Entries taken from a collection
_ _ _ _ _
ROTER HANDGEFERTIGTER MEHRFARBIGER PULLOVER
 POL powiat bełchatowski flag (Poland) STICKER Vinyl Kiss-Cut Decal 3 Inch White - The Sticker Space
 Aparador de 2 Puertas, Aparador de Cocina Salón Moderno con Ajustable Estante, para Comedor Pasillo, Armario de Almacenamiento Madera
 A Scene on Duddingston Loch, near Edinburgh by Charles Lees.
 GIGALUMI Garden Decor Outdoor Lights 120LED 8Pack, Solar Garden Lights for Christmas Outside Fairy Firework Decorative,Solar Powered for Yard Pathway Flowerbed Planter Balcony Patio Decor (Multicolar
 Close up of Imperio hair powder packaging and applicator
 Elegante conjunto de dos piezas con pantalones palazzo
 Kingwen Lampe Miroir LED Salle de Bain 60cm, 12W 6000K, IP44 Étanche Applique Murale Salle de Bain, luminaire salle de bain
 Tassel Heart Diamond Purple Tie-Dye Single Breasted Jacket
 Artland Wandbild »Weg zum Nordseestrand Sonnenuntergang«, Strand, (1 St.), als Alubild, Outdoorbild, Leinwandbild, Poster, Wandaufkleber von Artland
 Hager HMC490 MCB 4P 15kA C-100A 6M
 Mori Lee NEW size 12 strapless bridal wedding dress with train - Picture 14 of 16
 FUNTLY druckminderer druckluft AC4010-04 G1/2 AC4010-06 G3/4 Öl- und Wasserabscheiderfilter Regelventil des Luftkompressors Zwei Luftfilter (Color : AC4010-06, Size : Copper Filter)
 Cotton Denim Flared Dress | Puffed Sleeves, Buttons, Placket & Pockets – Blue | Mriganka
_ _ _ _ _
== Task details ==
Starting at the line above that holds "Hager HMC490 MCB 4P 15kA C-100A 6M" and ending at the line that holds "Mori Lee NEW", transcribe each line exactly and include no other lines.

== Solution below ==
 Hager HMC490 MCB 4P 15kA C-100A 6M
 Mori Lee NEW size 12 strapless bridal wedding dress with train - Picture 14 of 16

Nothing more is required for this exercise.